Additional space is available nearby at a more than 1 million-square-foot temperature-controlled facility offering transload operations for Chiquita, Del Monte, Anacapa Fresh, Channel Islands Cold Storage, Mission Produce, Seabord, Del Norte Distribution and Lineage Logistics.

Oakland

The Port of Oakland serves as a premier gateway for U.S. food products, including fruit, nuts and vegetables exported to markets in Asia and throughout the world, said David DeWitt, media and public relations specialist for the port.

During 2023, the port exported 114,990 20-foot containers of edible fruit, nuts and similar items valued at more than $5 billion, he said. A 25-acre Cool Port Oakland cold storage and logistics facility, which opened November 2018, serves as a hub for temperature-controlled cargo transitioning through Northern California.

DeWitt cited three current projects that have been funded to further enhance the port:

  • The Arterial Roadway Improvements Project intended to reduce congestion, improve safety and increase access across critical arterial routes serving the port.
  • The Terminal Modernization Project designed to accommodate ultra-large container vessels capable of handling up to 24,000 shipping containers at all its deep-water berths.
  • The Port of Oakland Outer Harbor Terminal Redevelopment Project intended to sustain the port’s future growth potential and operational efficiencies, support rural farming communities, and maintain and expand the global competitiveness of the port.

Los Angeles

The Port of Los Angeles handled 383,000 metric tons of fruit and vegetables in 2022 — 175,000 metric tons in imports and 108,000 in exports — said Marcel Van Dijk, cargo marketing manager.

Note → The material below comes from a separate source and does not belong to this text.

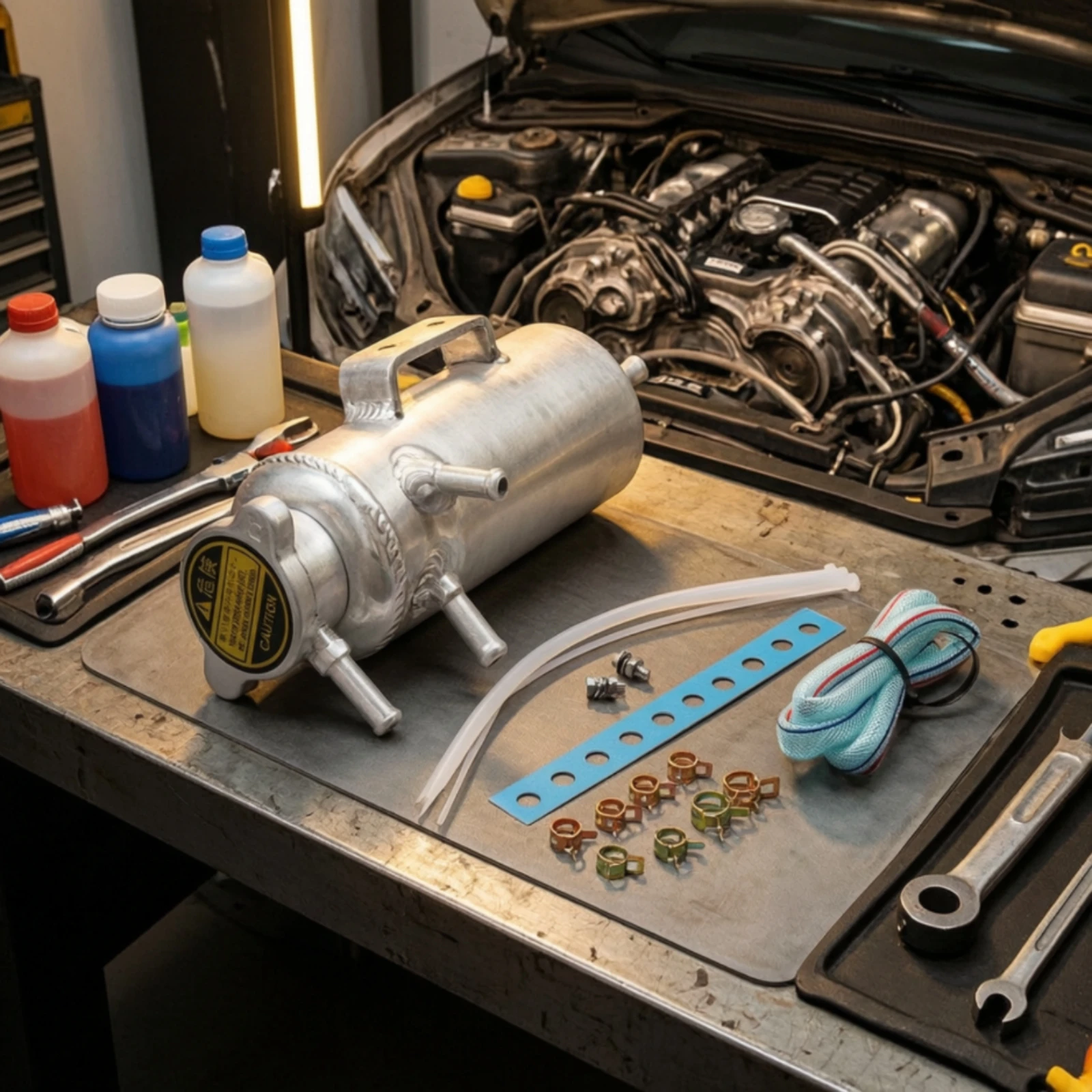 Coolant Collection Tank Heavy-Duty Coolant Reservoir Cooling System Heat Exchanger Overflow Bottle Easy to Install Cooling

The majority of the imports are citrus, berries, bananas, melons and asparagus, he said. Export commodities are citrus, grapes, carrots and onions.

Perishables arrive from Central America, Chile, Southeast Asia and the Philippines. Export destinations are Japan, Korea, China, Central and South America.

The Port of Los Angeles and Long Beach has six major cold storage facilities with 116,500 pallet positions 3 miles to 8 miles from the port to handle perishable cargo.

There are many more cold storage facilities in the Los Angeles area, and perishable cargo is also stored in facilities in the Central Valley, Dijk said.

The Port of Los Angeles has a dedicated fruit terminal for palletized cargo from reefer vessels.

The stevedore, Stevedoring Services of America, is in the process of changing over liquefied natural gas forklifts to 100% electric forklifts, he said. This should create a fully sustainable terminal, without any internal combustion engines in any of the yard equipment, by 2025.

Northwest

The Northwest Seaport Alliance, which includes the ports of Seattle and Tacoma, Wash., is the largest gateway port complex in the U.S. for containerized seaborne exports of apples, said Steve Balaski, business development director for the alliance.

“Agriculture in general is a major part of the volume that goes through our terminals,” he said.

Washington is a major producer of apples, blueberries, cherries and grapes, he said. One-third of the state’s apples are exported via ship to places like India and Asia.

The alliance recently received a Port Infrastructure Development Program grant of more than $50 million to help expand a Tacoma terminal and add capacity to handle refrigerated containers.

“We support the development of temperature-controlled cold-storage facilities,” Balaski said. “We’re seeing a very strong demand for cold-storage capacity.”

The ports play an important role in agriculture transportation, he said.

“The ocean transportation industry with refrigeration and ports is what allows our Washington state producers to reach global markets,” Balaski said. “Exports are really where the growth is.”